Why do you see Wikipedia almost everywhere? It positions awesomely because it has loads of content and a huge number of links that point towards it. So Google doesn’t really prefer brands – Wikipedia is simply algorithmically fantastic. It works like this. If you’re fulfilling many more specifications on the algorithm as compared to your competitors, Google rewards you with a high ranking within the search results.
Big brands and searches
When you’re a big brand, you get automatic help with certain algorithmic factors, which include perceived quality and site authority. Importantly, you have brand affinity. Users are more familiar with brands and user intent becomes directly “target the store” instead of “target the options”. This is what makes the difference.
Big brands and penalties
A lot of big brands have some direct link at Google. This means that someone from Google will get in touch if they happen to cross a line.
Sites of big brands are in a better position to survive Google penalties as compared to small or medium businesses. This is partly because their sites are stronger and partly because the penalties result in limited damage. So even though brands lose keyword traffic, they do not have to sacrifice their entire website.
Some feel that this happens because of Google’s leniency towards these sites while others feel it’s simply brand preference. Personally, I’m of the opinion that the reason for this is a bunch of algorithmic factors. You could also call them “expectancy factors” or “should be there factors”.
Some sites figure in Google’s index – not simply because Google feels they need to be there but because users feel so. User searches have indicated that they expect certain sites to show up. If these don’t appear, users might think that Google is doing a lousy job.
So Google protects its reputation by trying to limit penalty effects on bigger brands. It issues warnings and helps them quickly recover in case a penalty causes greater damage. Whatever the case, big brands are like huge ships which can face any penalty storm while small and medium businesses are like small rafts in comparison.
What can you learn from big brands?
If you want your small or medium business site to achieve the same success as that of big brands, what should you do? Start caring about what big brands are doing.
You need to have similar awesome algorithms, expectancy, and authority. You will probably end up losing your ranking, your homepage and other pages if you engage in practices that violate guidelines stipulated by Google.
Your site needs to send out the same signals that big brands do.

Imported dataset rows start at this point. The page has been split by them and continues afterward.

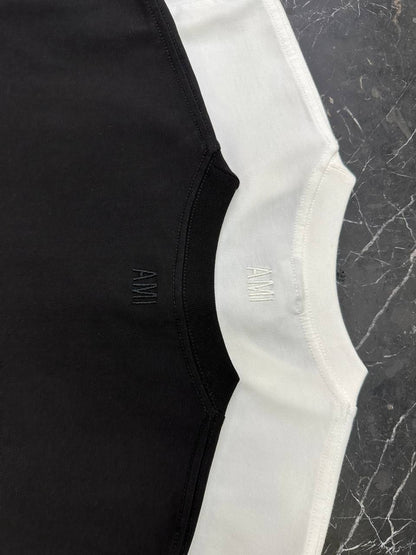 Ami Paris Ami de coeur T-Shirt Weiß Logo Stick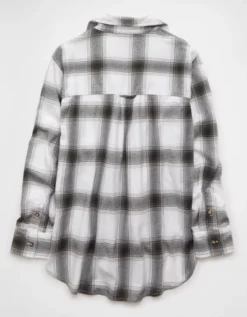 AE Oversized Flannel Shirt Black -American Eagle Fashion 1354 6606 001 b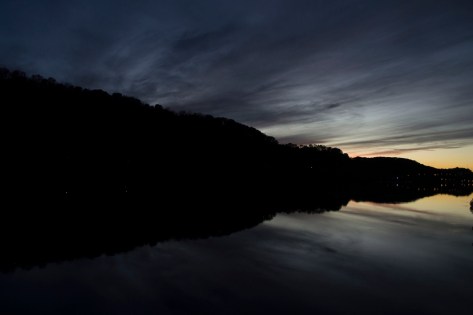sunset on river scene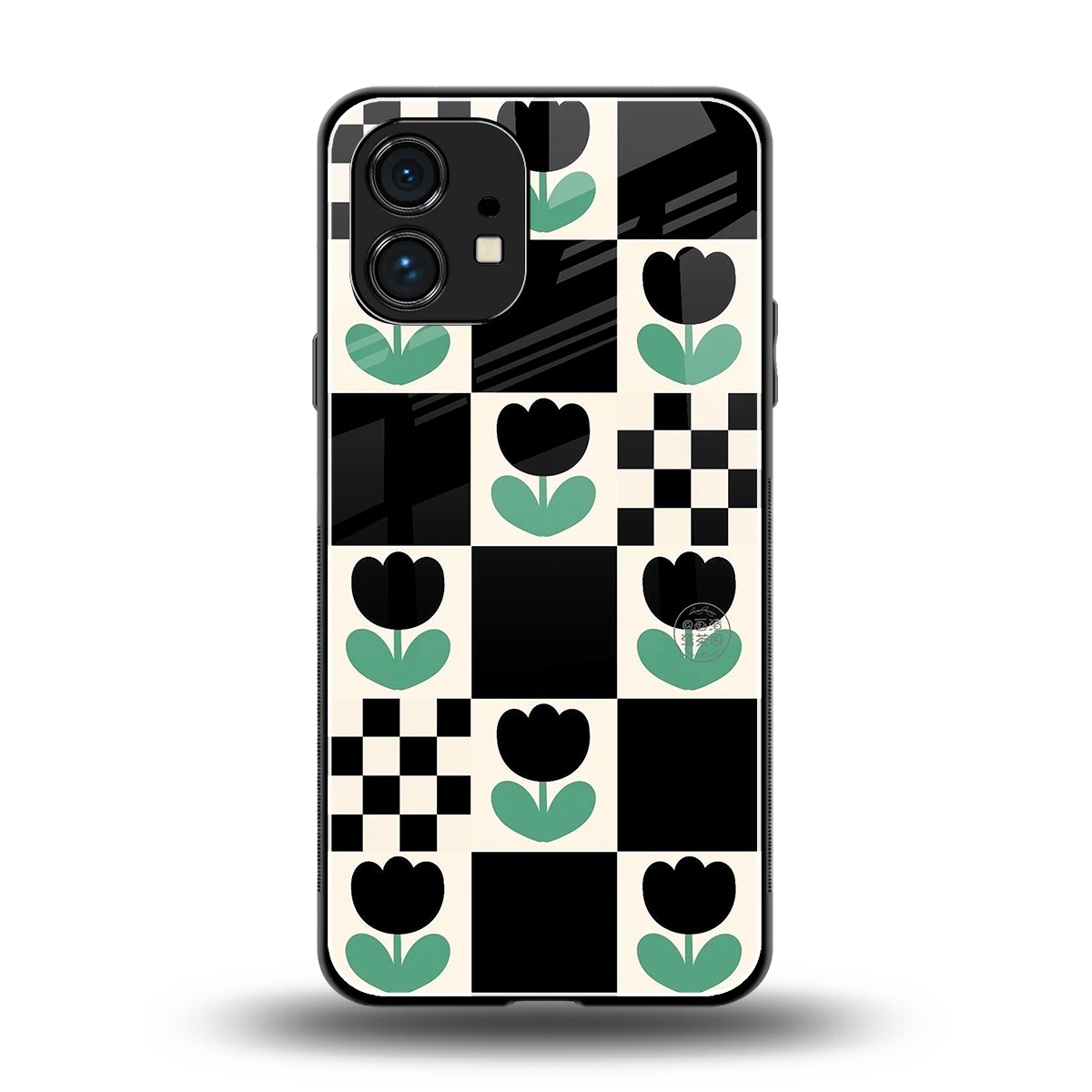Minimalistic Flower Pattern back phone cover | glass case for nothing phone 1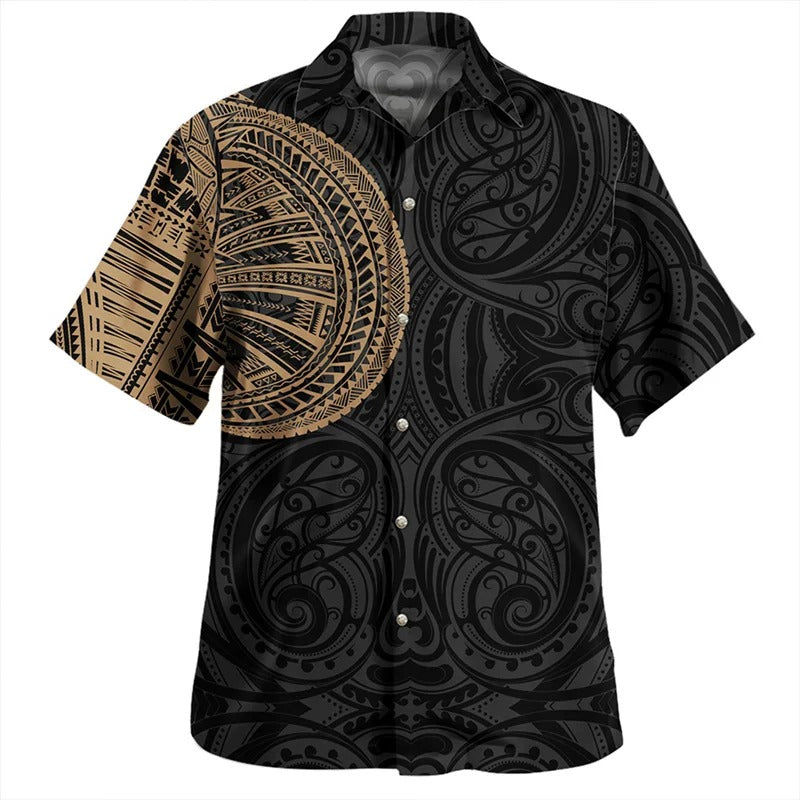 Samoa Polynesian Hawaiian Shirts Printed Polynesian Tribal Short Sleeves Summer Casual Button Shirt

If you copy the good things brands do well, you’ll get some quality and authority points from Google.
Google needs to know there’s a good company with good people behind these signals. Signals indicate to Google that here’s a site that’s well taken care of, the company is wide awake at the top, and the site will be a great product.
The websites of all large brands are not uniformly fabulous. In fact, many of them are quite the opposite. This is an area in which you can get ahead of them.